Athletic academic advisers and professors at a large southeastern university were contacted via e-mail using a script. The principal investigator met with the participants whenever they were available to be administered the battery of tests, during their tutoring sessions in the athletic academic support office or in their classes. During the meeting, the participants were oriented to the purpose of the study. They were asked to sign an informed consent form, and told that their participation in the study was completely voluntary and that they may drop out at any time. The researcher administered the questionnaires beginning with the Demographic Information Survey, then the Social Support Inventory, and finally the Career Thoughts Inventory. Tests were then collected and a randomly assigned number identified each battery of tests.
Preliminary analyses were performed to obtain internal consistency coefficients of the measures and descriptive statistics. The alpha coefficients observed in this study for each Social Support Inventory-Subjective Satisfaction (SSI-SS) subscale and total score were: acceptance-belonging (α = .79), appraisal-coping assistance (α = .83), behavioral-cognitive guidance (α = .81), tangible assistance-material aid (α = .70), modeling (α = .74), and total score (α = .90). For the Career Thoughts Inventory (CTI) subscales and total score, the alpha coefficients observed were as follows: decision-making confusion (α = .86), commitment anxiety (α = .85), external conflict (α = .82), and total score (α = .89). The alpha coefficient values indicated adequate internal consistency.

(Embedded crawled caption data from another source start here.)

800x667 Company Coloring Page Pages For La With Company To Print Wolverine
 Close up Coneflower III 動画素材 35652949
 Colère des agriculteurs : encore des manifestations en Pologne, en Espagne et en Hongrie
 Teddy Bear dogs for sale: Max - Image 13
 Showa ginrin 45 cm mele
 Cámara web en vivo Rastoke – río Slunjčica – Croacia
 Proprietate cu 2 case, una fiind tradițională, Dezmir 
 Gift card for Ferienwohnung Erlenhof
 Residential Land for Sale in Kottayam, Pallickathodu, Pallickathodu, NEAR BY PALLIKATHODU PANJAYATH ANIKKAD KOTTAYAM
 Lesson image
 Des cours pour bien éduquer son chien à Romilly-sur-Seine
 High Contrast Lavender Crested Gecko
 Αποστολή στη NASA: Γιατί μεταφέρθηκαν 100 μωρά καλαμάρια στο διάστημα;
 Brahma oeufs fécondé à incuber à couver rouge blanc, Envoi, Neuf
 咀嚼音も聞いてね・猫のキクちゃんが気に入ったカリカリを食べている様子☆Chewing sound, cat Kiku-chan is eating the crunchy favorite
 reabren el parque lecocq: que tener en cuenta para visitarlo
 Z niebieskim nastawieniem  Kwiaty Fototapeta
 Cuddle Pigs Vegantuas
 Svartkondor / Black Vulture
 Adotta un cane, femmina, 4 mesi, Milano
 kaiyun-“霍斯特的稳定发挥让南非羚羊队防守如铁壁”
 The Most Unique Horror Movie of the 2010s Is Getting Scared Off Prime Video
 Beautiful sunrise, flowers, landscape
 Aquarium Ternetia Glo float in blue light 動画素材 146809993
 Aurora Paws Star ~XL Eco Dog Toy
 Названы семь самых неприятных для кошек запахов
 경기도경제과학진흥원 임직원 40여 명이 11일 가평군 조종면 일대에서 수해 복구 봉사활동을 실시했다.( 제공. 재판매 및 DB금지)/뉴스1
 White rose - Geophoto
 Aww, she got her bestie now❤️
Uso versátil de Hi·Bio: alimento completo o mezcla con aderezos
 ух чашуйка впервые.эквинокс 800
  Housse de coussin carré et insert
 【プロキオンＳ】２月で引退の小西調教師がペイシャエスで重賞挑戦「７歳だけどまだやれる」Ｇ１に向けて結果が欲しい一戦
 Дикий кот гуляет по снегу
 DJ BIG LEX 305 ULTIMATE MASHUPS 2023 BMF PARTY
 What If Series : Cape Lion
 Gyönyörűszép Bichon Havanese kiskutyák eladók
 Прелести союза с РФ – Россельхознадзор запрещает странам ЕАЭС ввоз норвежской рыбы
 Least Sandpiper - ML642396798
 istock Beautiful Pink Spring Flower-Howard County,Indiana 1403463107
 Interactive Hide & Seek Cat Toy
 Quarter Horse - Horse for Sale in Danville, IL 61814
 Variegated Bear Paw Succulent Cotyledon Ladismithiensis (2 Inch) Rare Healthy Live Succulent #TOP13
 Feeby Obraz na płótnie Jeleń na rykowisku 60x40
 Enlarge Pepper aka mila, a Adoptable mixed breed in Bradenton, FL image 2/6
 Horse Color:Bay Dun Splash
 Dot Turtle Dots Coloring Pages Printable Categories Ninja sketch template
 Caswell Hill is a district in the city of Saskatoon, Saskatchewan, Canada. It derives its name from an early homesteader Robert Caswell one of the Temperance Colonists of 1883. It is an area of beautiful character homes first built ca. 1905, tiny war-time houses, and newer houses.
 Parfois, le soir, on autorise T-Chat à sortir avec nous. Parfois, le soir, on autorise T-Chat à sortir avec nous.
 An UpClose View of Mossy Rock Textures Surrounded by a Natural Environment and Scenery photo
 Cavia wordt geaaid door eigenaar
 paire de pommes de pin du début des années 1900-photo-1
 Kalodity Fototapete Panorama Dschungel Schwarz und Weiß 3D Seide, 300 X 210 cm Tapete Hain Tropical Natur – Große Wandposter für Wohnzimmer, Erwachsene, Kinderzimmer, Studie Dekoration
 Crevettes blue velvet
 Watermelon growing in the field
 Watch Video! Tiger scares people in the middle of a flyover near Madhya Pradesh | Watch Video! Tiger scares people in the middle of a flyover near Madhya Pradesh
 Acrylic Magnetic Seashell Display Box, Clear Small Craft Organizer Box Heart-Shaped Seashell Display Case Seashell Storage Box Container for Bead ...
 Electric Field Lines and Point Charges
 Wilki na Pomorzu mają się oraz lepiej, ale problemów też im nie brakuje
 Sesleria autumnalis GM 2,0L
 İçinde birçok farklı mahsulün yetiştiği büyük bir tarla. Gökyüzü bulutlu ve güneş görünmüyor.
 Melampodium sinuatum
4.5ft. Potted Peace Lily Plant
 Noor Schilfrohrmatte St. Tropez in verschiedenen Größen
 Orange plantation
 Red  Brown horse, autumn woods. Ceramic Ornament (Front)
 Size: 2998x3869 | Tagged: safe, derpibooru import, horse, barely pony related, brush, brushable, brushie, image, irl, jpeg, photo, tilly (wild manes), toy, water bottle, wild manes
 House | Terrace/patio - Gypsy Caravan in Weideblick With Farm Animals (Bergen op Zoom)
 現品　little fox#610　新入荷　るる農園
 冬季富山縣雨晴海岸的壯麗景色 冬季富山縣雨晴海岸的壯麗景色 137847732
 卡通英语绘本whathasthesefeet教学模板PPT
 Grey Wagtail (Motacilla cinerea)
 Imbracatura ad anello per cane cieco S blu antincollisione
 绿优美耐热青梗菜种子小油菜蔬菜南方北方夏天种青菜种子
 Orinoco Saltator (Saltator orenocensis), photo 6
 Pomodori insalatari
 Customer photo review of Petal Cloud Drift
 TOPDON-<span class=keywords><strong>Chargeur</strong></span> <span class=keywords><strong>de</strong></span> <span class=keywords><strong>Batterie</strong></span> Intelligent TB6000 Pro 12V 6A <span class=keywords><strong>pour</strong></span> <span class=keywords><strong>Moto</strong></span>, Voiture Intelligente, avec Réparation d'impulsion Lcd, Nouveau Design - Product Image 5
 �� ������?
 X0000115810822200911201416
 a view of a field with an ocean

Descriptive Statistics and Bivariate Correlations
Descriptive statistics for the SSI-SS subscales: acceptance-belonging, appraisal-coping assistance, behavioral-cognitive guidance, tangible assistance-material aid, and modeling; and CTI subscales: decision-making confusion, commitment anxiety, and external conflict are presented in Table 1. Overall, participants averaged a T-score within the average range for the majority of the subscales with the social support subscale of acceptance-belonging having the highest mean (M = 65.67, SD = 9.13).
The bivariate correlations among study variables are presented in Table 2. Without controlling for any variables, the social support types of acceptance-belonging and appraisal-coping assistance had the strongest relationships with decision-making confusion (r = -.37 and -.38, respectively). The bivariate correlations also indicated that all social support types had significant relationships with decision-making confusion, commitment anxiety, and external conflict. When all variables were controlled, there were no significant relationships between any of the five types of social support and career thoughts.
Three hierarchical regression analyses were performed with the five predictor variables and three criterion variables. All regression models were significant. It is suggested that the variance shared among the predictors is what accounts for the significant models. None of the social support types were found to have significant unique relationships with any of the career thoughts variables.
Structural Equation Modeling
Conceptual models of the posited relationship between social support and career thoughts, as seen in Figure 1, were tested using SEM procedures. The model shows that the five social support types were used as indicators for a social support latent factor and the three subscales of the CTI were used as indicators for a negative career thoughts latent factor.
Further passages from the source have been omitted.